This post may seem a bit off-topic, but it is related to language learning, and even dragons, in a way. Two of my target languages are Hebrew and Greek. A huge part of the literature I want to be able to read are holy scriptures: the Hebrew Bible, its first translation in Greek known as the Septuagint, and of course the Greek new testament. I purchased a Kobo e-reader so I can carry such a library easily.
Then I generated ebooks versions of those texts in epub format, the most convenient one to read on those devices. I decided to host them here. Hey, who knows, maybe some nerdy biblical language majors learning French (there are some) looking for ebooks will find the site and end up joining the adventures at Laelith ?
The text comes from the Openscriptures Hebrew Bible and is released under CC BY-NC 2.0.

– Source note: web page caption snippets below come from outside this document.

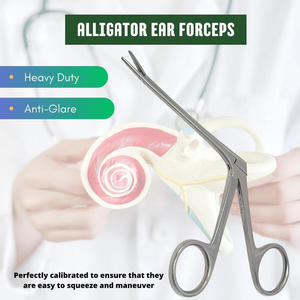 Pinzas Microquirúrgicas de Acero Inoxidable para Limpieza de Oídos, Instrumento Médico Manual Tipo Cocodrilo para Otorrinolaringología (ENT) con Certificación CE - Product Image 2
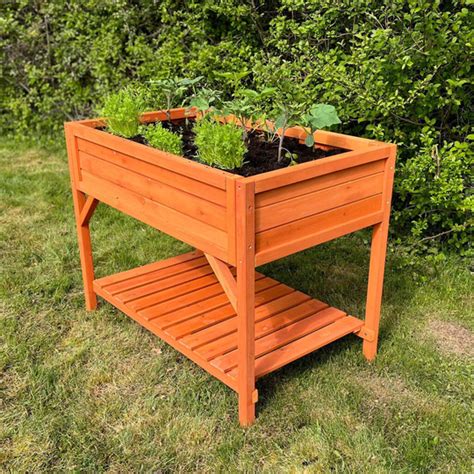 Buy Wooden Raised Herb Planter With Two Liners Online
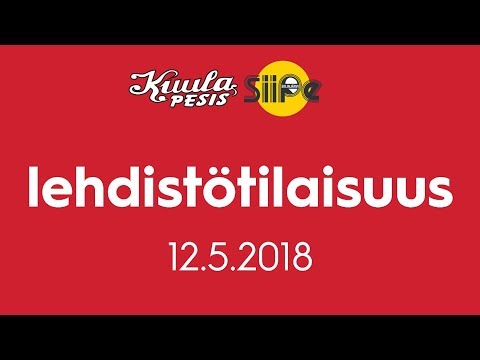 Lehdistötilaisuus: Kuula - SiiPe 12.5.2018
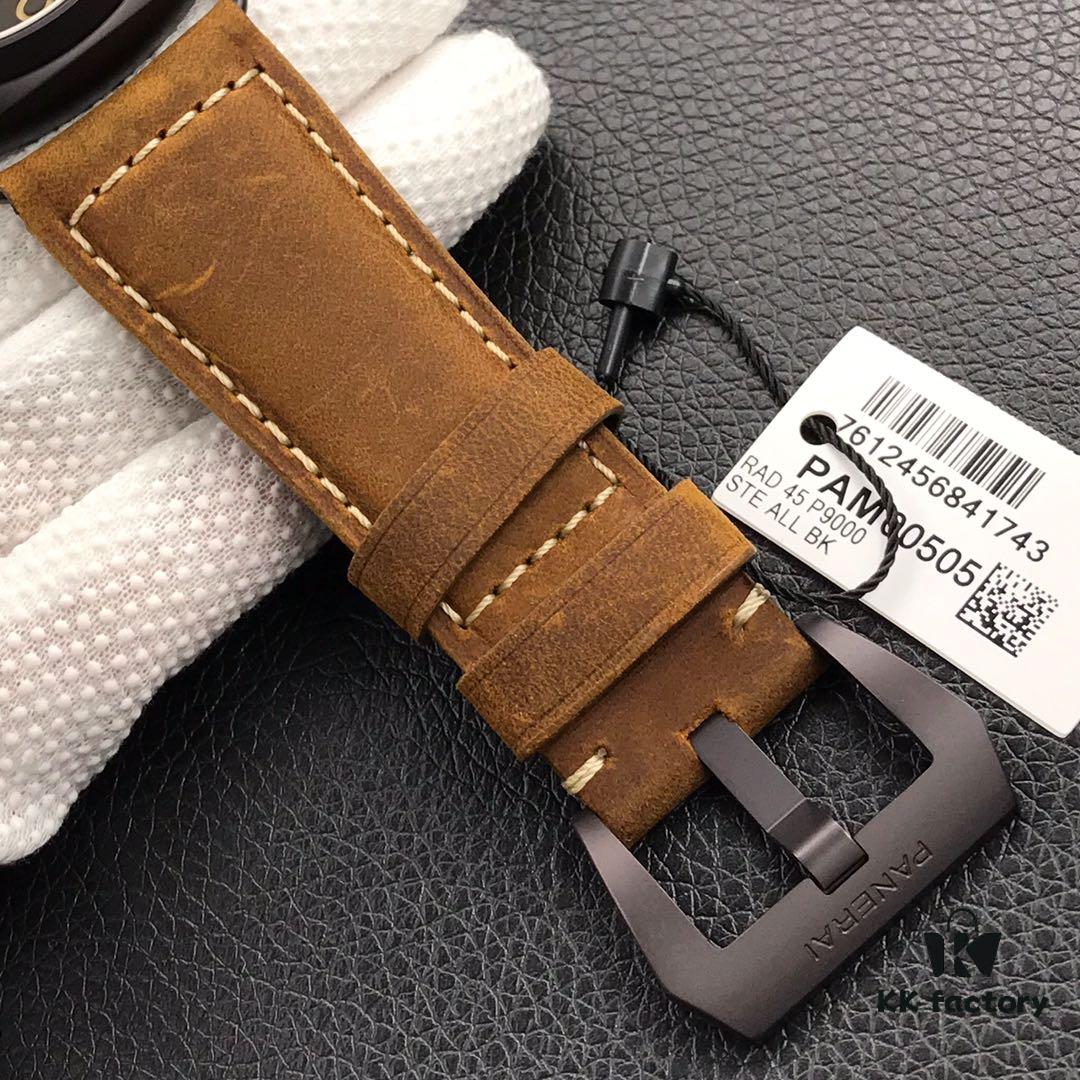 Panerai PAM505 Titanium Case, New Version Movement, 45x16.5mm, V2 Replica P.9000 Automatic Mechanical Movement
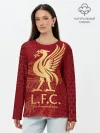 Лонгслив женский. Хлопок / Ливерпуль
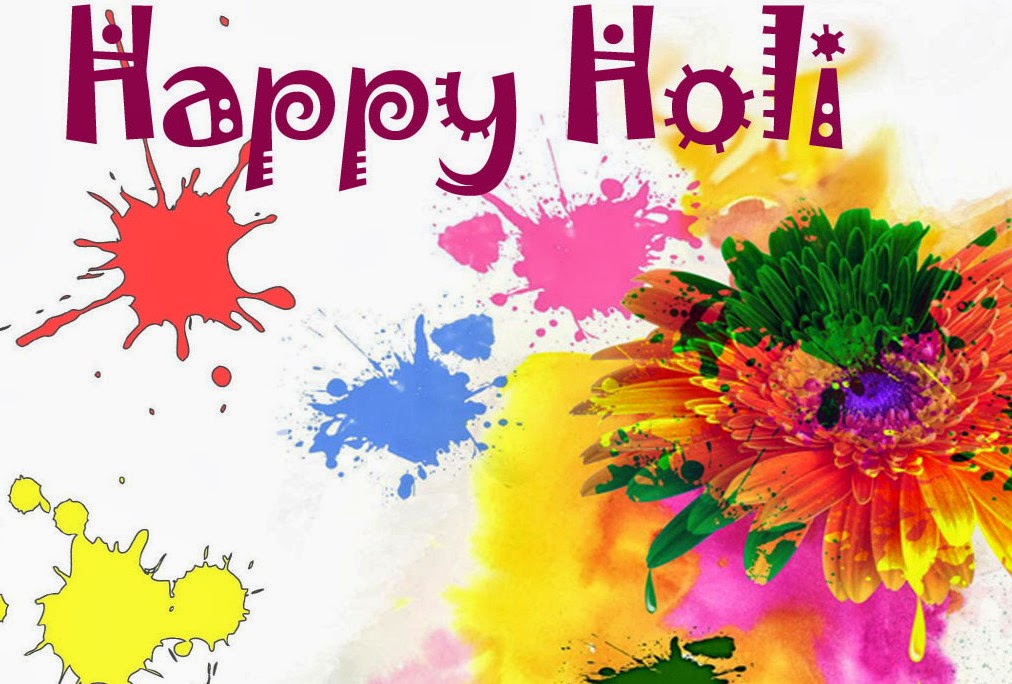 Holi-wallpaper - Happy Holi Wishes 2019 - HD Wallpaper 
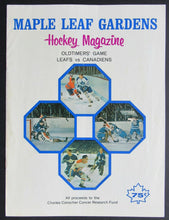 Load image into Gallery viewer, 1960 Maple Leaf Gardens NHL Oldtimers Program Leafs Canadiens Maurice Richard
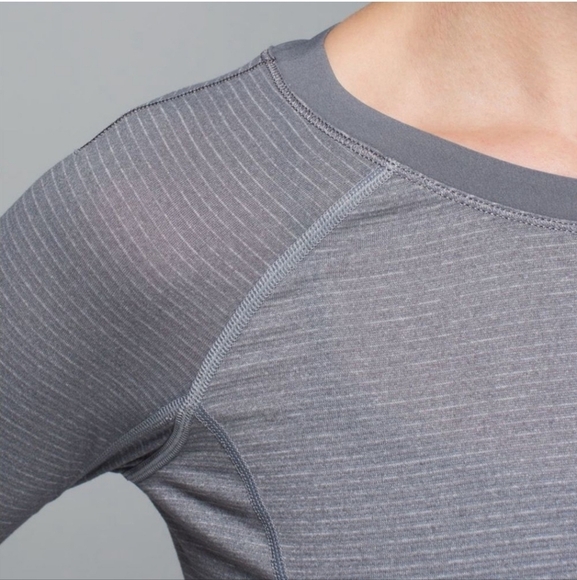Lululemon Turn It Up Long Sleeve Top Heathered Slate 4 - Picture 3 of 12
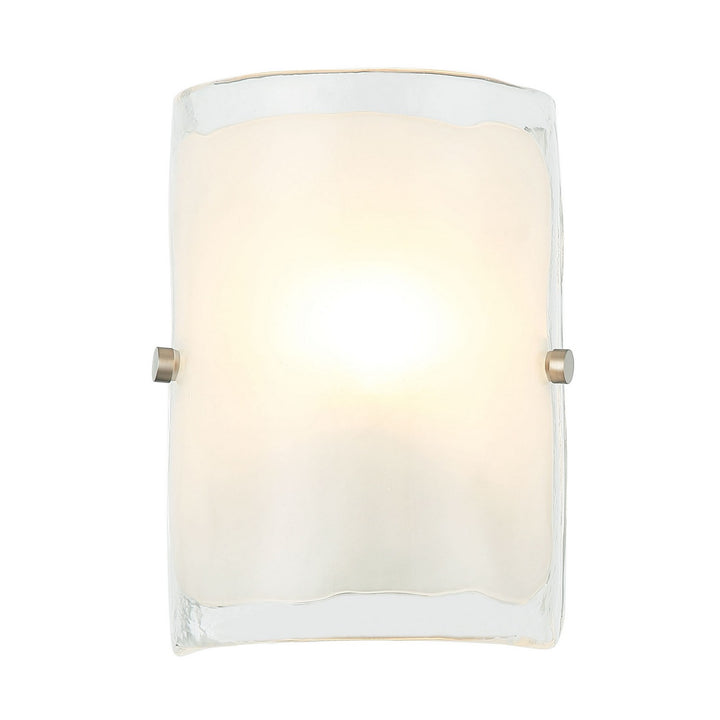 Varaluz - 385W01BNS - One Light Wall Sconce - Fairchild - Black/Polished Nickel/Satin Brass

I did not manage to correctly parse all the entries of the Openscriptures’s version of the BDB Lexicon, but it is better than nothing. Released under CC BY-NC 4.0 license.
Note that I had to configure the Kobo reader so that cre_storage_size_factor = 2 in order for the device not to try to refresh the cache each time it open the document.
- LXX (greek translation of the Hebrew Bible)
The original text comes from the University of Pennsylvania. There is no clear licensing information. It looks like the existing document does not really apply for a publicly available web document. It seems to be ok to distribute it for no commercial purpose.
The original text comes from the Sword Project’s SBLGNT module Copyright 2010 Logos Bible Software and the Society of Biblical Literature. Free non-commercial distribution.
Note the article’s picture showing an entry of the Middle & Liddell dictionary for δράκων is a bit of a teaser: the Kobo device does not handle well inflections with dictionaries (except for Japanese, another of my target languages \o/), I just happen to ask for the definition of the word in the nominative so the dictionary found it, otherwise there is no real automatic lexicon access for Greek, nor for Hebrew.